___ Material for this task

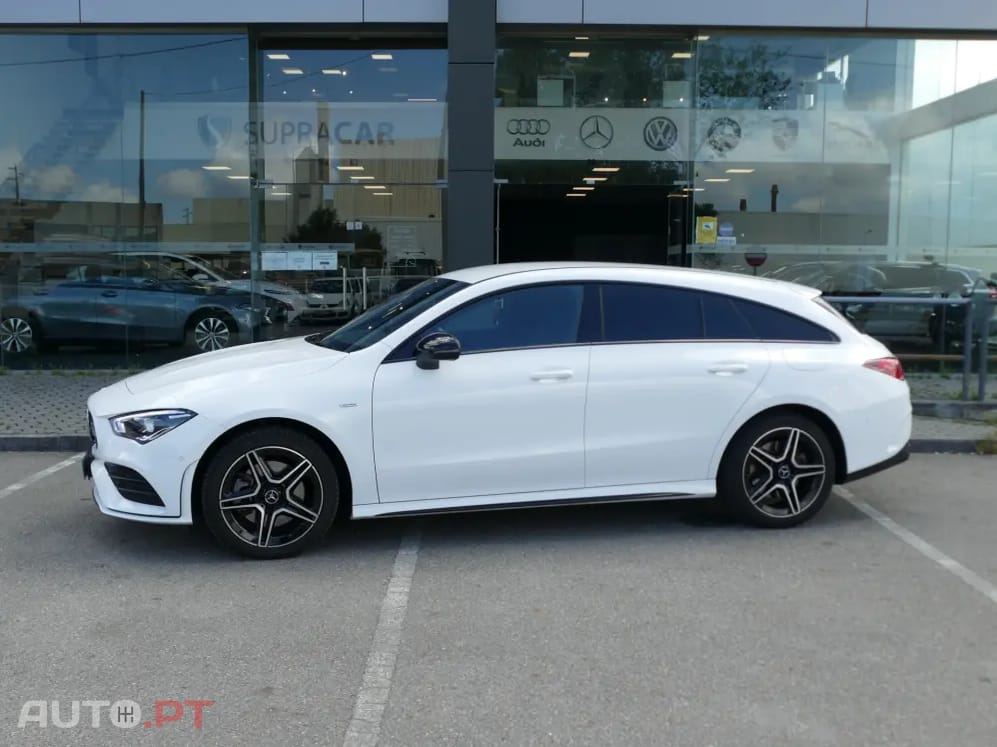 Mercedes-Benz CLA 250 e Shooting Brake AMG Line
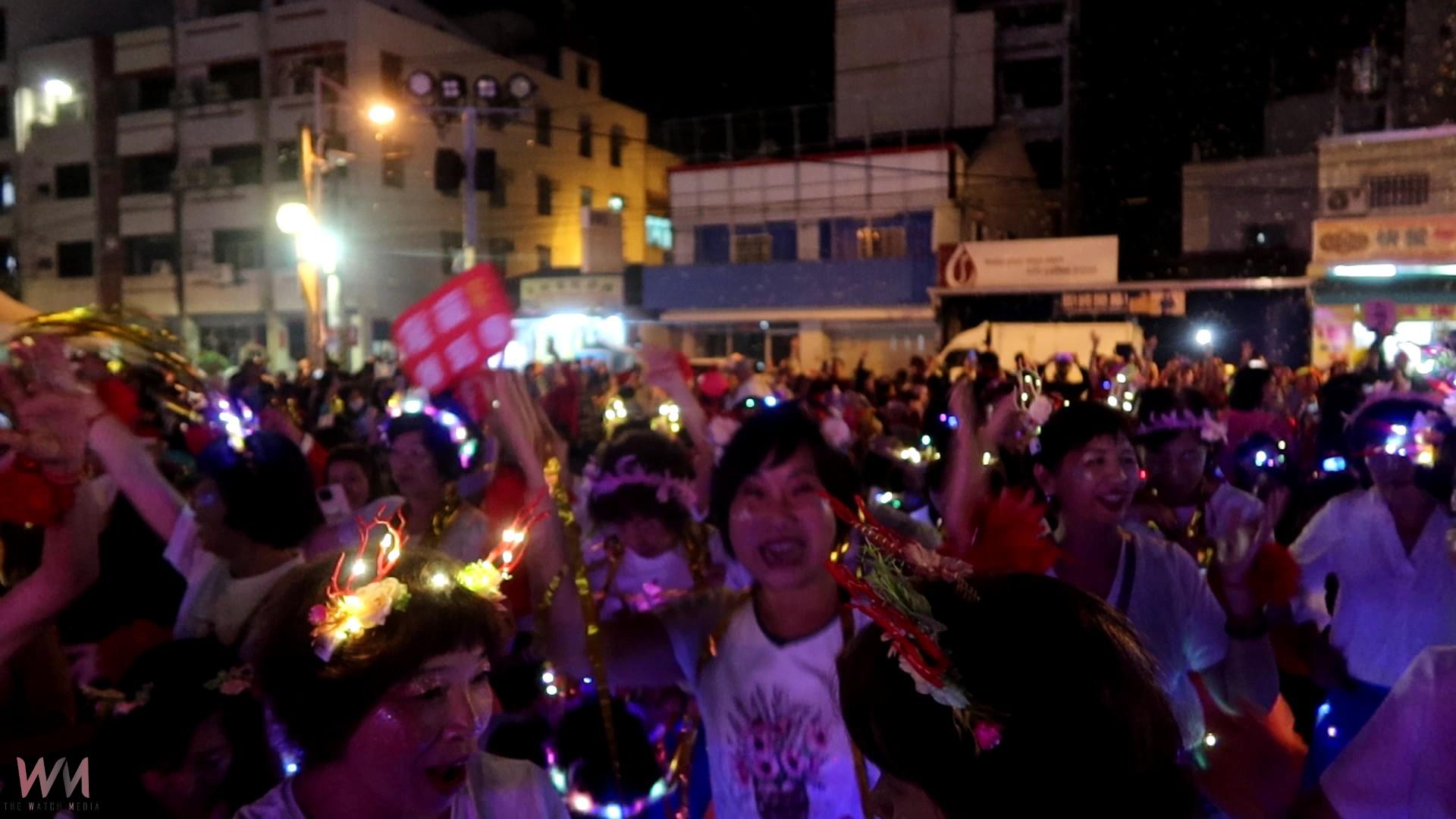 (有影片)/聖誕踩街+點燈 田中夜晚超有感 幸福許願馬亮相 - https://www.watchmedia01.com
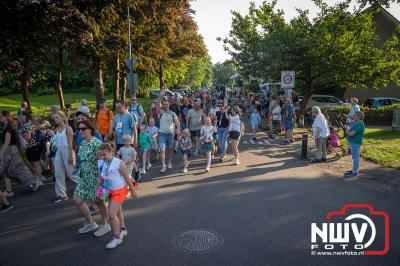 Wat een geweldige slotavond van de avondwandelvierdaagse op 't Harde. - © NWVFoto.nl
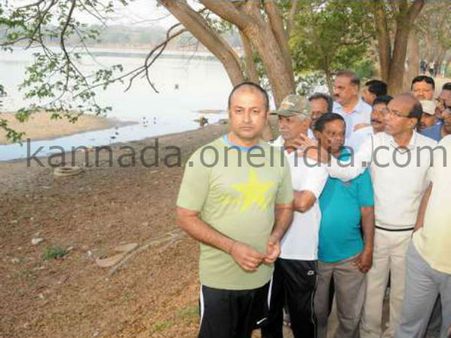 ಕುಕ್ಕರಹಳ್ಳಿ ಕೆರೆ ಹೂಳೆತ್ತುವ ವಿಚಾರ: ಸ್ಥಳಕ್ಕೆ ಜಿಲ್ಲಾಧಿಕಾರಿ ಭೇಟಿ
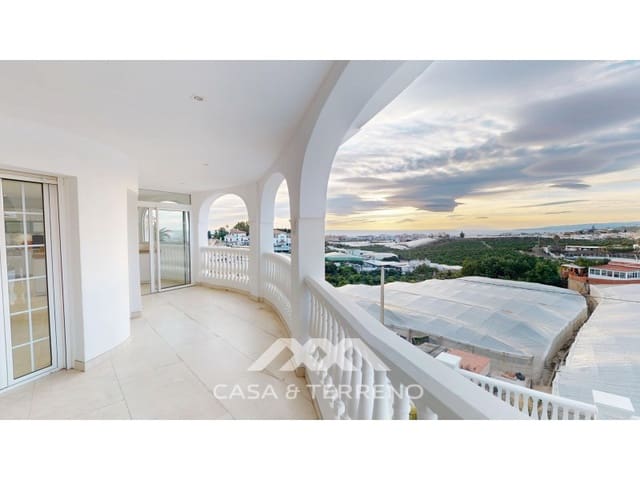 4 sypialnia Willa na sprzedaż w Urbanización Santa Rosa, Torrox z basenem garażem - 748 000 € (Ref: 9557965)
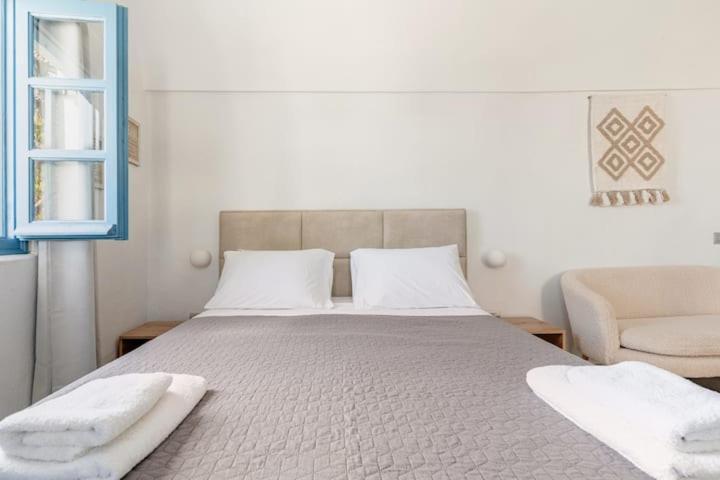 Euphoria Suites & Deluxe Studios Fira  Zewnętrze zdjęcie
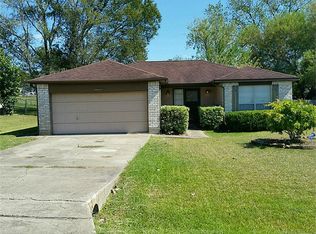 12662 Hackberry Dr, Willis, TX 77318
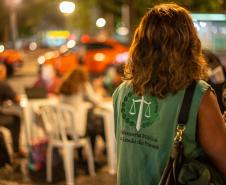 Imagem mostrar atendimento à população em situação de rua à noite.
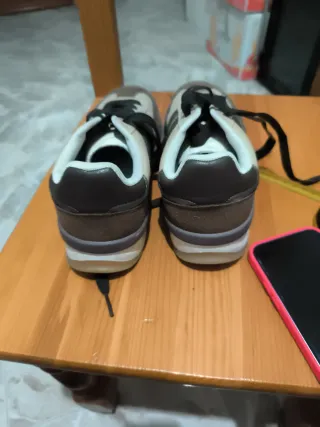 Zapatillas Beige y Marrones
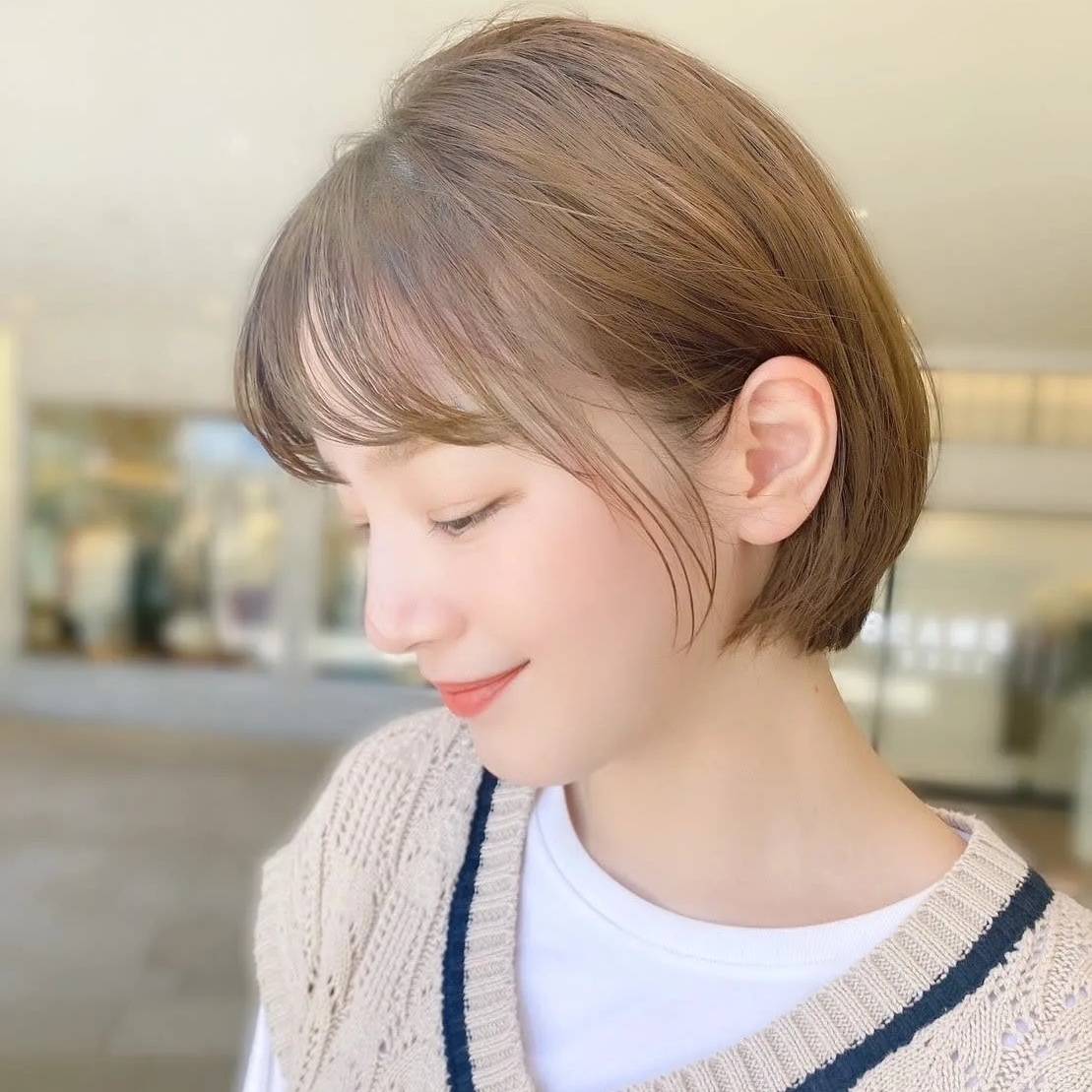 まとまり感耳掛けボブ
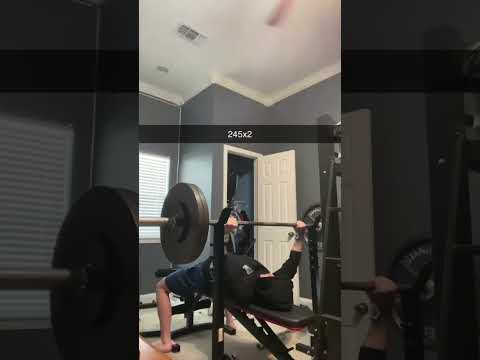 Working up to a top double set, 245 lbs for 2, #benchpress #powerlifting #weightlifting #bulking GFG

______

- _Your goal_: Every line from the one holding "Imagem mostrar atendimento" through the final line of the data above is to be reproduced exactly, both ends included, with the pictures left out.

- _Answer below_:
 Imagem mostrar atendimento à população em situação de rua à noite.
 Zapatillas Beige y Marrones
 まとまり感耳掛けボブ
 Working up to a top double set, 245 lbs for 2, #benchpress #powerlifting #weightlifting #bulking GFG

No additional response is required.